Zwei aktuelle Beispiele verdeutlichen einmal mehr, wie es seit langem um die deutschen Medien, die sich gerne selbst als „vierte Gewalt im Staat“ sehen und bezeichnen, bestellt ist: Sie sind längst keine kritische Gegenmacht zur Staatsgewalt mehr, sind kein auch nur irgendwie neutraler oder objektiver Beobachter, sondern gezielte Stimmungsmacher für bestimmte Interessen. Für eine fast deckungsgleiche Auffassung, als deren Konsequenz Horst Köhler noch zurückgetreten war (die Befürwortung von Wirtschaftskriegen) erntet zu Guttenberg ausschließlich Lob. Wolfgang Schäuble jedoch wird ein eher lässlicher Aussetzer schwer angelastet.

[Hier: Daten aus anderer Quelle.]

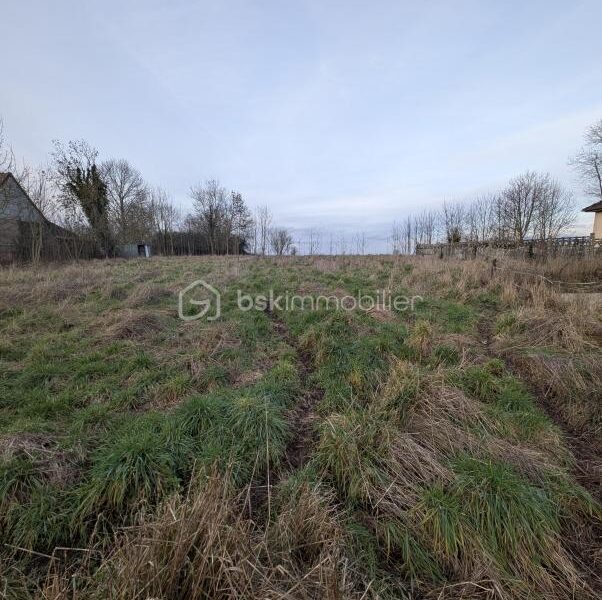 Terrain à vendre à Le quesnel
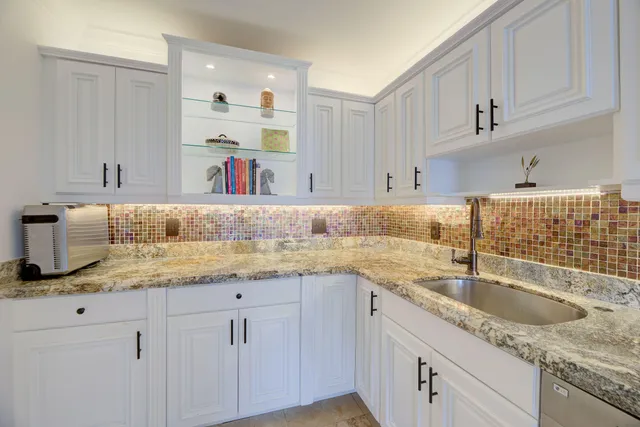 $15,000 | 2780 South Ocean Boulevard, Unit 512, Palm Beach, FL 33480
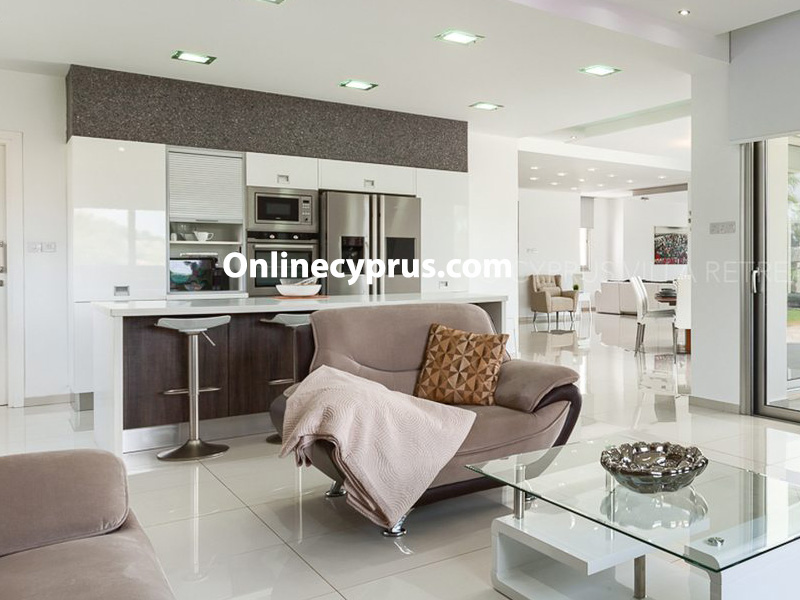 Luxury 7 bed villa in peyia for log term rent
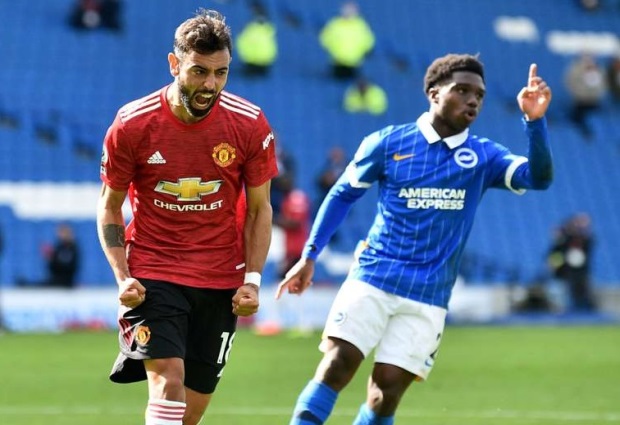 Brighton and Hove Albion 2-3 Manchester United: Fernandes penalty settles astonishing contest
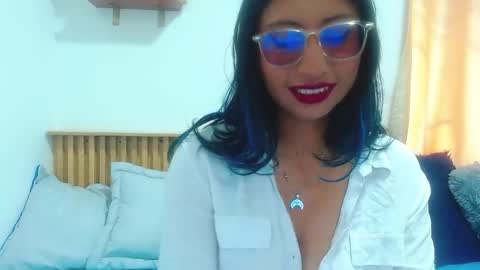 V I O L E T  online show from 05-08-26, 02:55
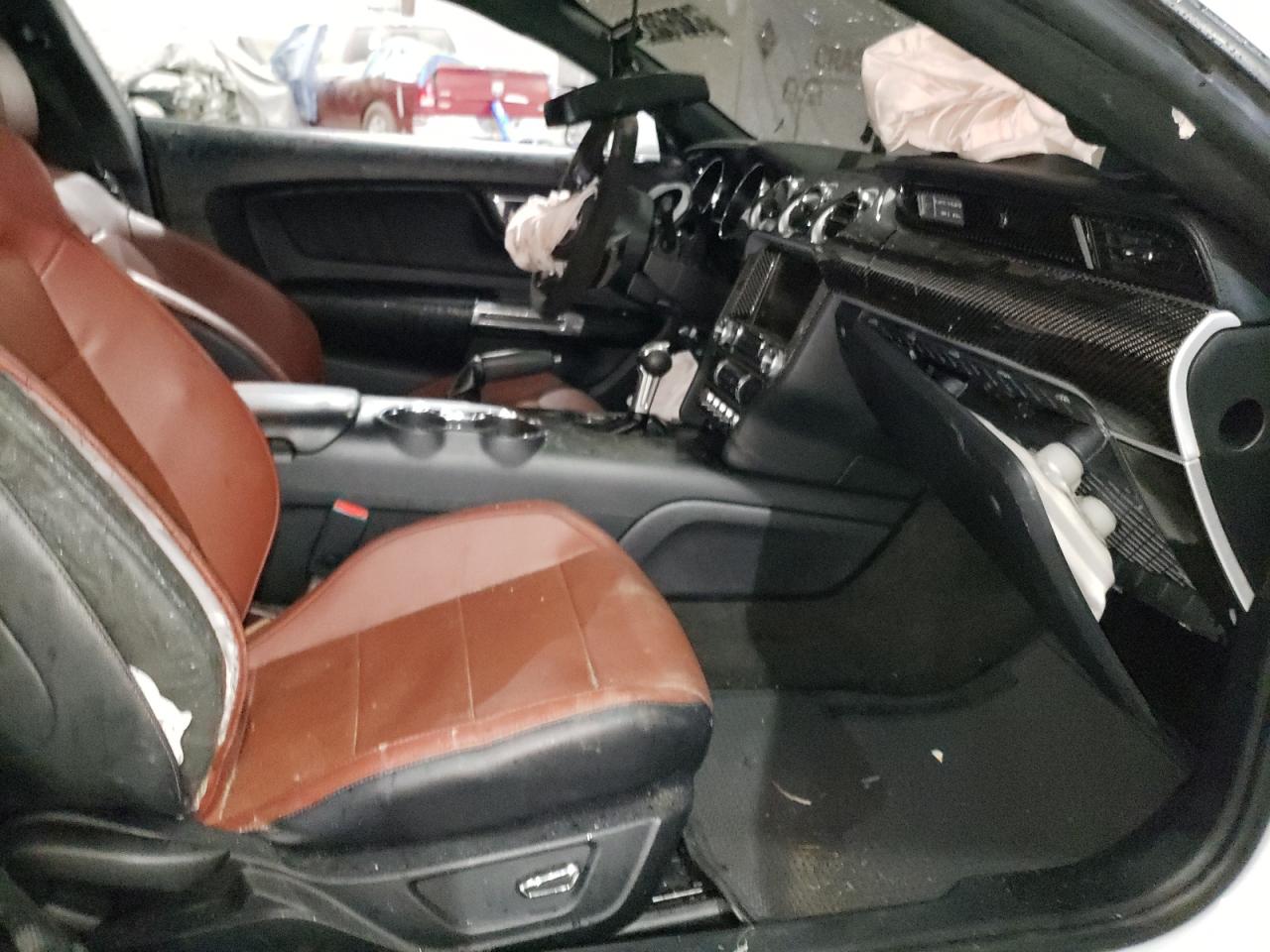 Photo 5 from auction – 2015 FORD MUSTANG with VIN 1FA6P8TH1F5380621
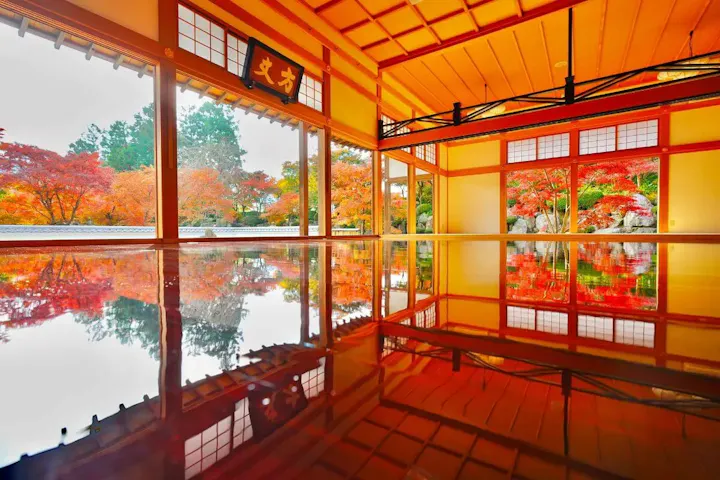 床もみじや日本庭園が美しい寺院!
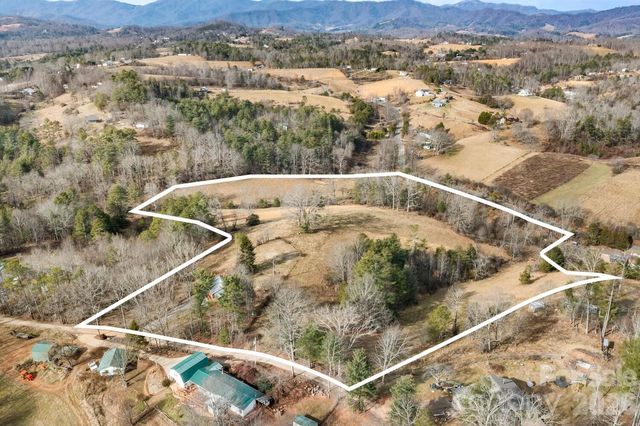 132 Snelson Cemetary Road, Leicester, NC 28748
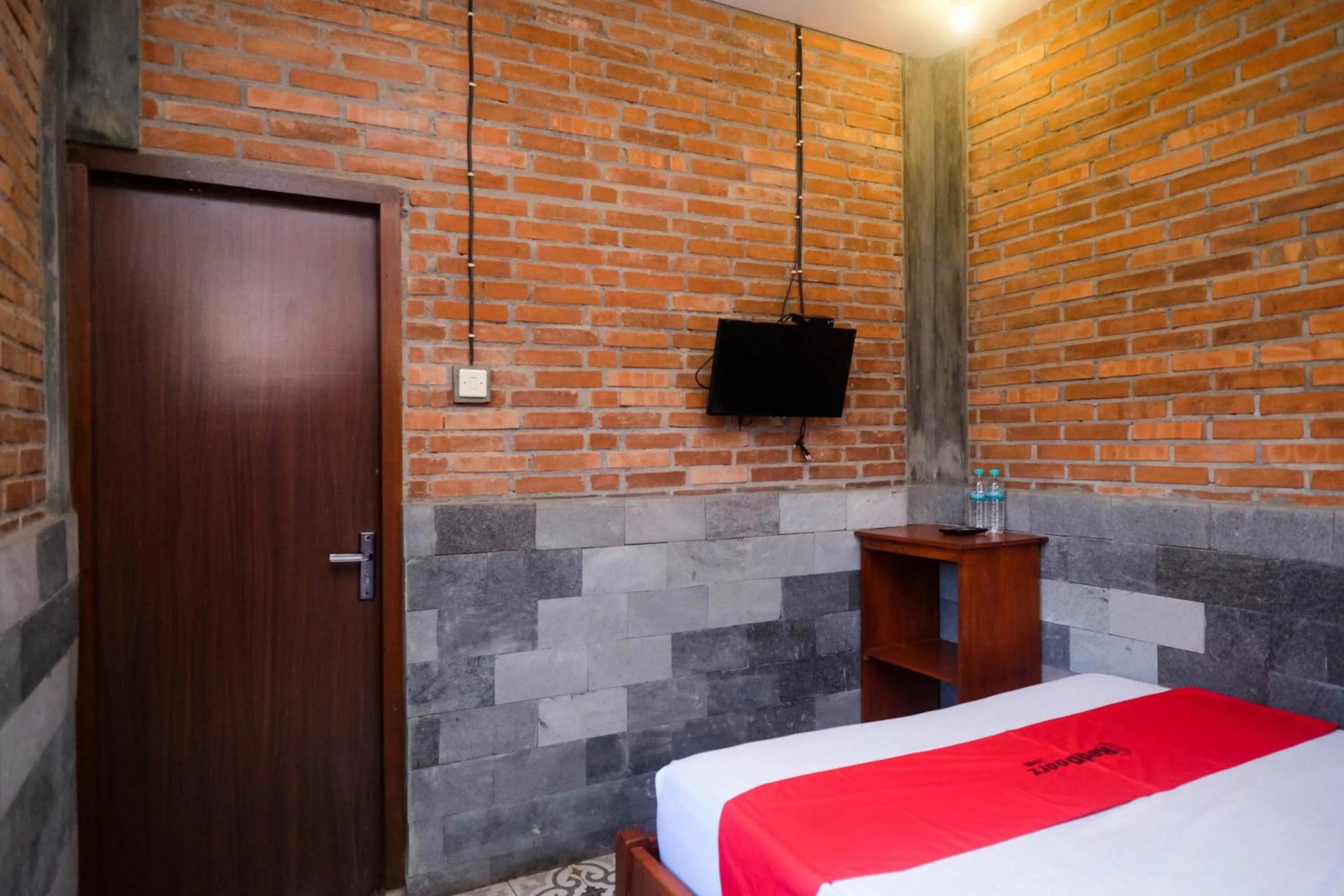 Bedroom, Bed in RedDoorz at Omah Kayu Homestay Yogyakarta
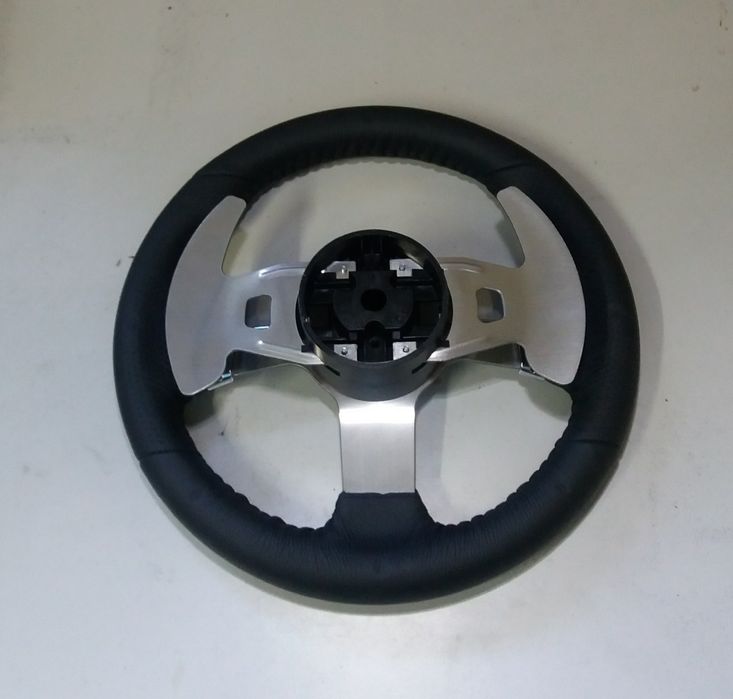 Volante Logitech G27 com electrónica e patilhas ( Como NOVO )64738260267522121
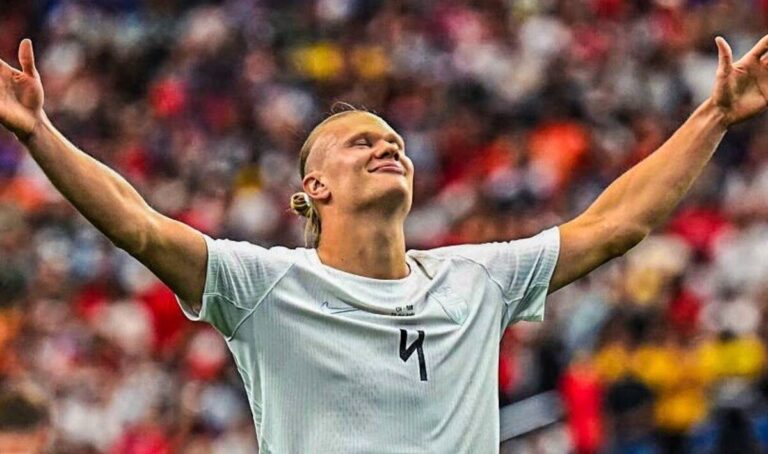 Haaland celebra un gol en el Mundial 2026 con Noruega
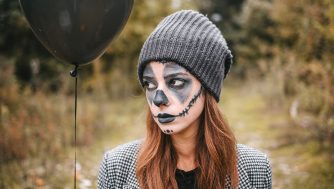 Paso a paso para hacerte un maquillaje de calavera para Halloween 2025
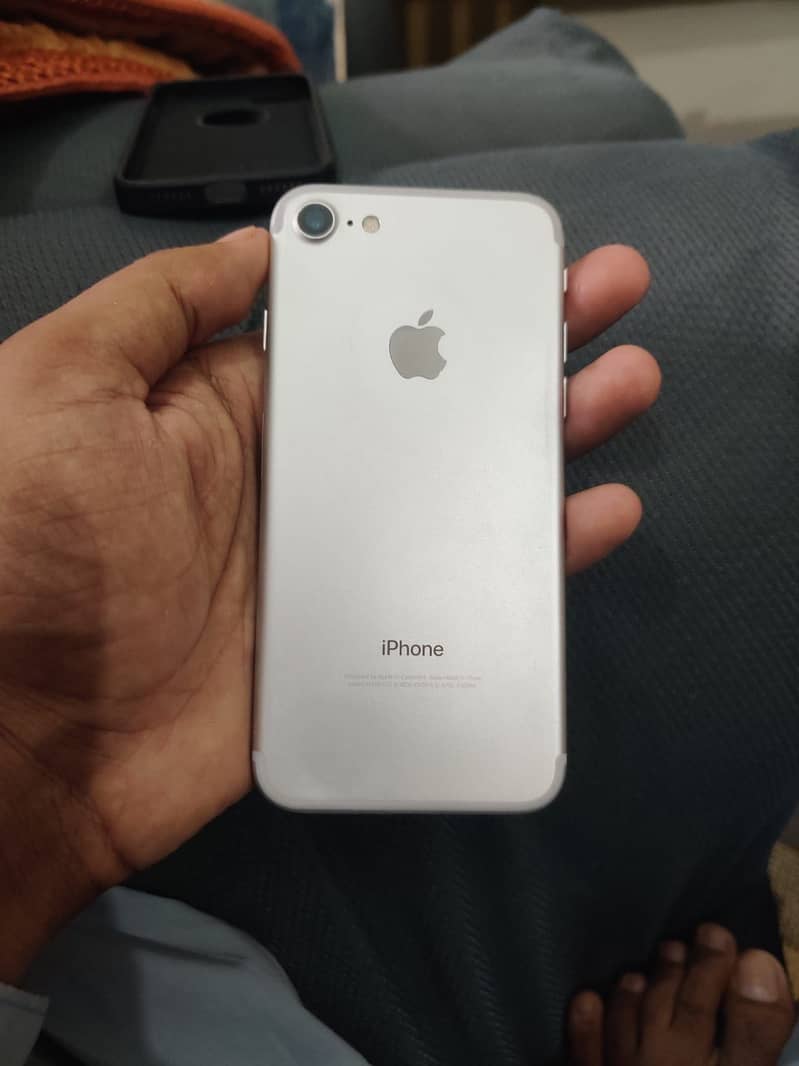 Apple iPhone 7 5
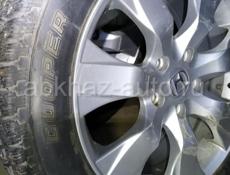 Продаются шины с дисками  215/55 R17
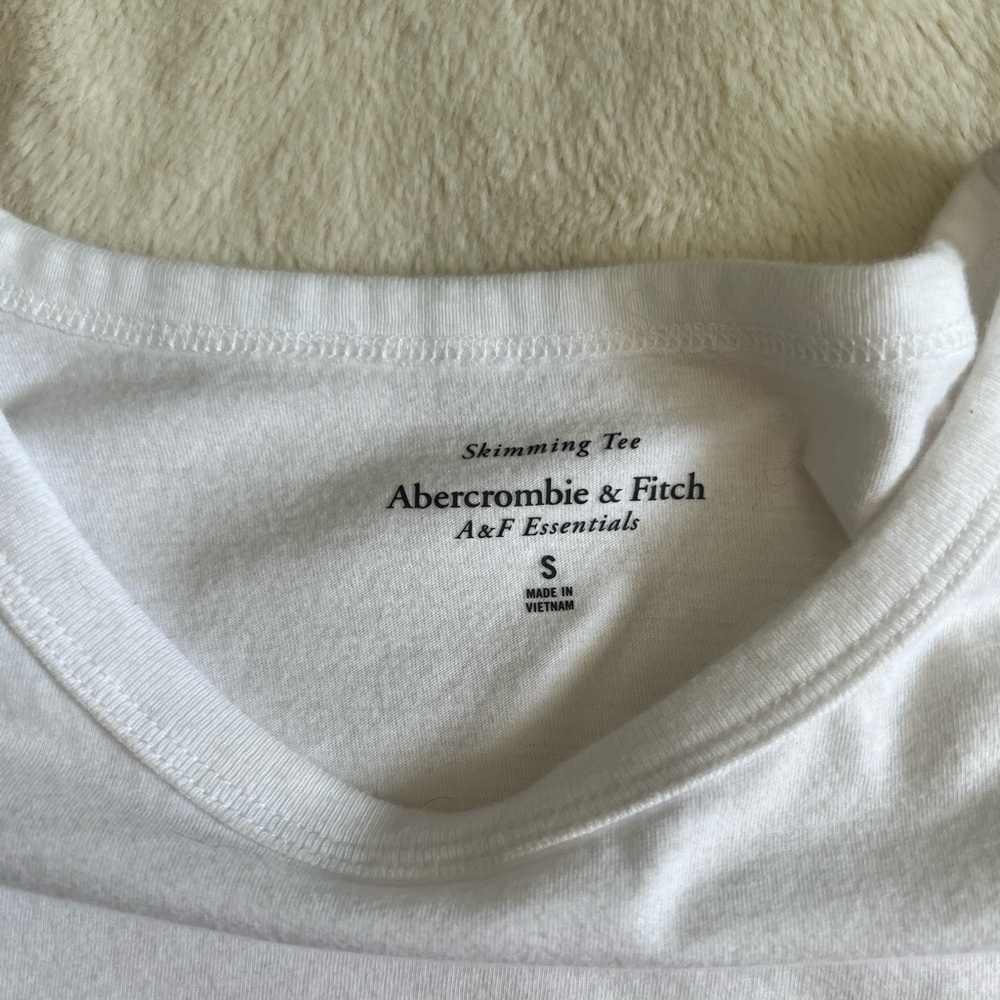 Abercrombie Lobster Tee - Picture 3 of 4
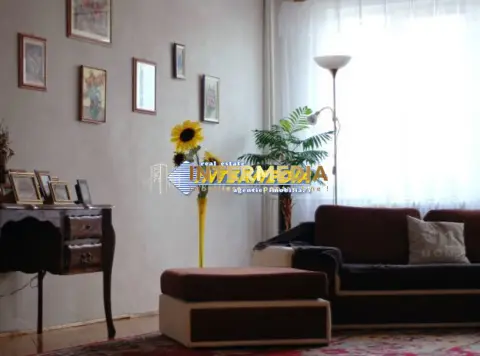 Casa superba de vanzare cu 8 camere in Alba Iulia zona Centrala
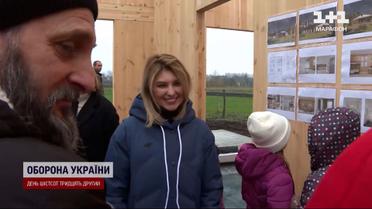 Фундація Олени Зеленської будує домівки для прийомних родин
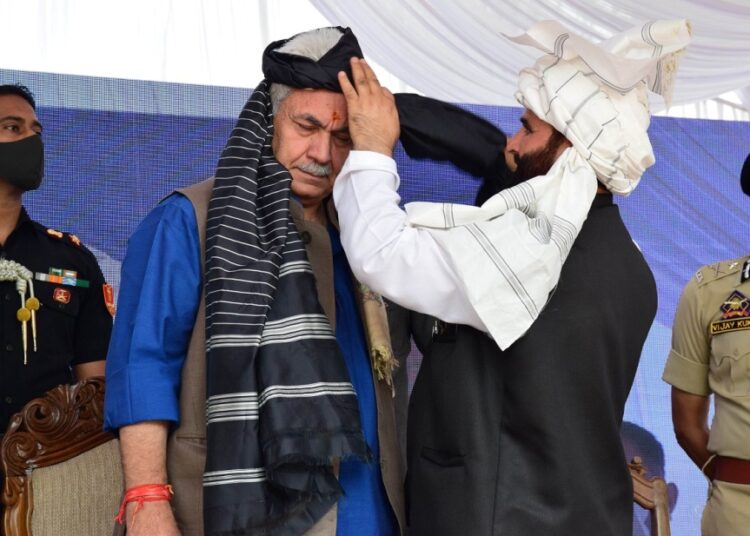 LG visits Pulwama, inagurates tribal welfare dev projects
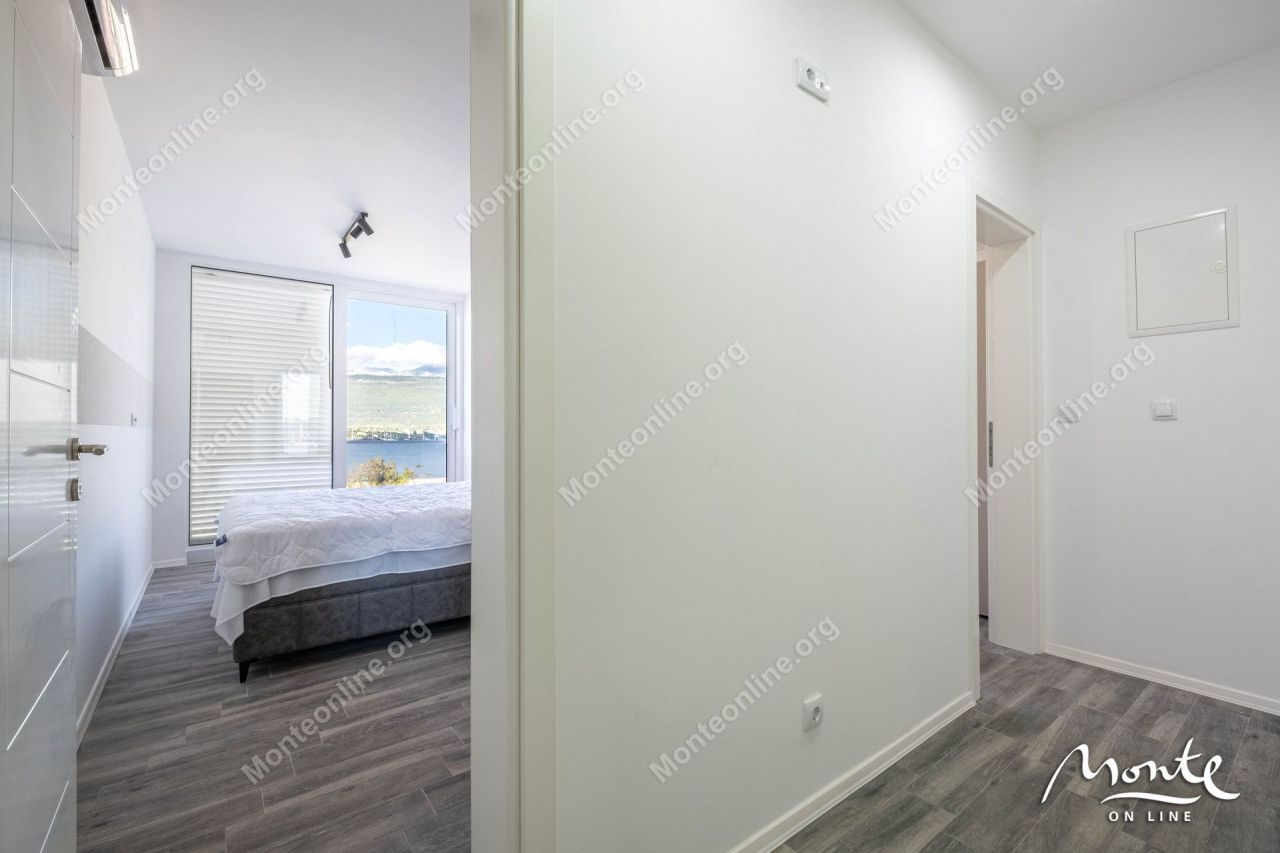 Villa in Halbinsel Luštica, Montenegro, 100 m² - Foto 16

Zu erklären ist dies wohl nicht nur durch persönliche Faktoren und einen unterwürfigen Personenkult der deutschen Presse, sondern auch durch politische Gründe: Während Schäuble Steuersenkungen im Weg steht, ist Guttenberg ganz auf wirtschaftsliberaler Linie.

Guttenberg und Wirtschaftskriege

Guttenberg hatte am 9. November Militäreinsätze zu Gunsten deutscher Wirtschaftsinteressen befürwortet. Er plädierte für einen “unverkrampften Umgang” mit wirtschaftlichen Interessen in der Sicherheitspolitik, mit denen man “offen und ohne Verklemmung” umgehen solle und sprach dabei von Sicherung der Handelswege und der Rohstoffquellen. Wir erinnern uns: Für seine Forderung, dass Deutschland zur Absicherung seiner wirtschaftlichen Interessen auch militärische Einsätze durchführen sollte, hatte der damalige Bundespräsident Köhler heftige Kritik geerntet, auch von breiten Teilen der deutschen Medien. Aufgrund dieser Kritik war er dann auch zurückgetreten. Guttenberg nun verteidigte dann auch ausdrücklich Köhlers Aussage, dieser habe “über etwas Selbstverständliches” gesprochen. Im Gegensatz zu Köhler gab es nun jedoch so gut wie kaum ein Echo in den deutschen Medien. Wenn es Kommentare gab, so wurden zu Guttenbergs Aussagen meist schöngeredet, und gar verteidigt. (more…)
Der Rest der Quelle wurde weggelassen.